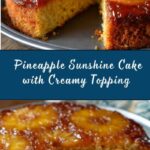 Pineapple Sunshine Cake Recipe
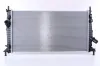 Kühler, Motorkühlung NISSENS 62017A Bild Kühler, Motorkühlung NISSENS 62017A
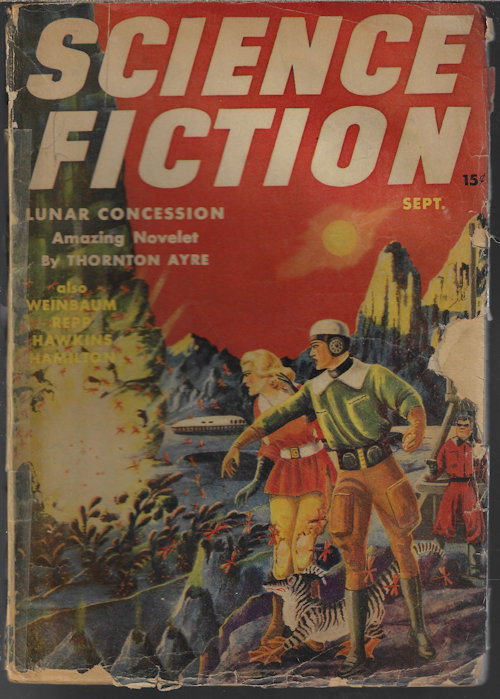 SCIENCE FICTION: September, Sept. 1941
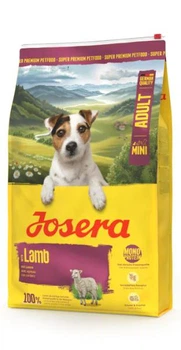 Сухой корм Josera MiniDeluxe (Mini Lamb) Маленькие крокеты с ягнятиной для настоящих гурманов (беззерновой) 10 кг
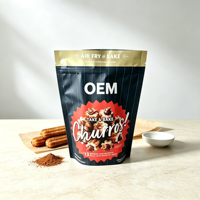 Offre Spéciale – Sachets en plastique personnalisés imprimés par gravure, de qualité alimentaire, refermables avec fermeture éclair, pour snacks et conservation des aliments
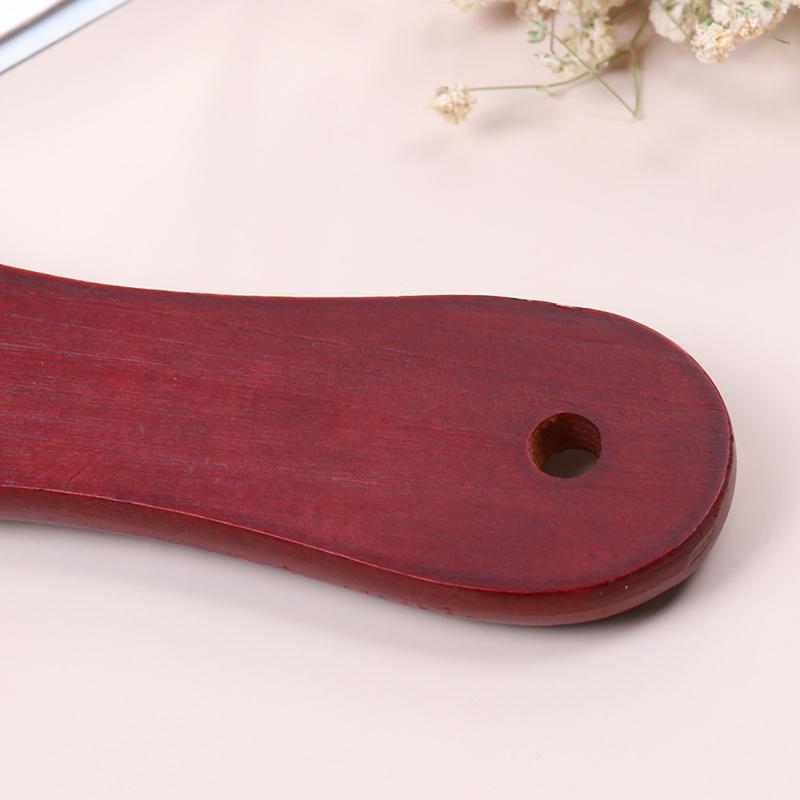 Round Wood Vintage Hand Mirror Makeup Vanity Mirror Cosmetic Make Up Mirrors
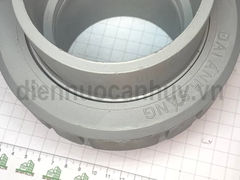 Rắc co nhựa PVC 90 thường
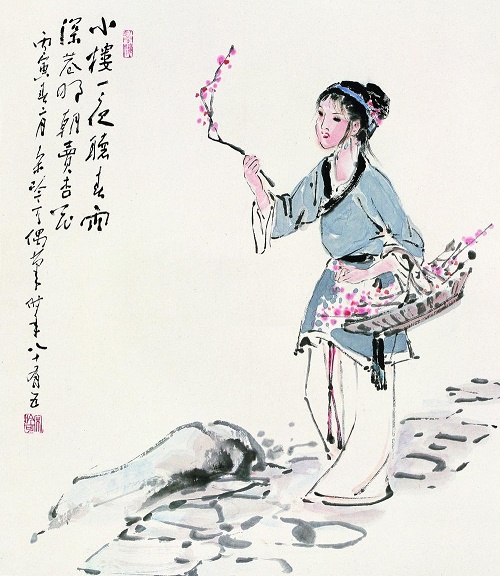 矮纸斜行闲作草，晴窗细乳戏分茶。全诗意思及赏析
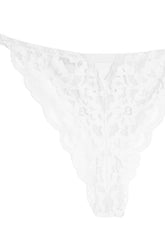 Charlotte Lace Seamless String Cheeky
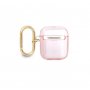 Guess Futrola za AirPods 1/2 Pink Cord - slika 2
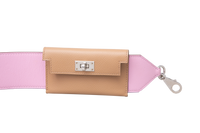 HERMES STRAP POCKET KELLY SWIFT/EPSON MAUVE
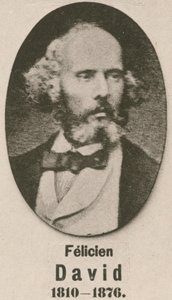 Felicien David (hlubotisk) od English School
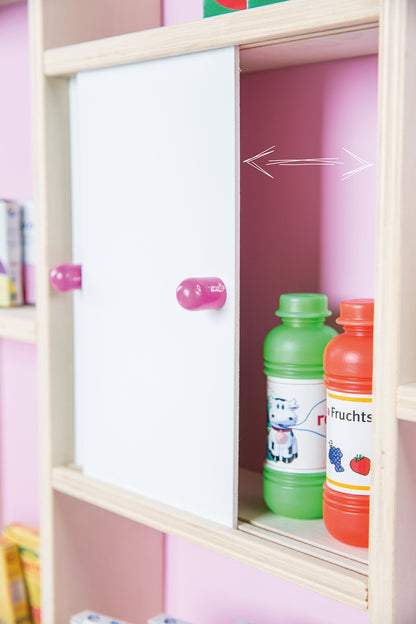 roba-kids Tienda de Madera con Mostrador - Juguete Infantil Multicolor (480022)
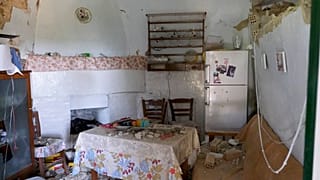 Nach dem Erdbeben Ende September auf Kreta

- [Work request]
Where the line holding "HERMES STRAP POCKET KELLY SWIFT/EPSON MAUVE" appears, start copying, and continue exactly through the last line of the listing, both ends included, skipping the pictures.

- [Task result]
 HERMES STRAP POCKET KELLY SWIFT/EPSON MAUVE
 Felicien David (hlubotisk) od English School
 roba-kids Tienda de Madera con Mostrador - Juguete Infantil Multicolor (480022)
 Nach dem Erdbeben Ende September auf Kreta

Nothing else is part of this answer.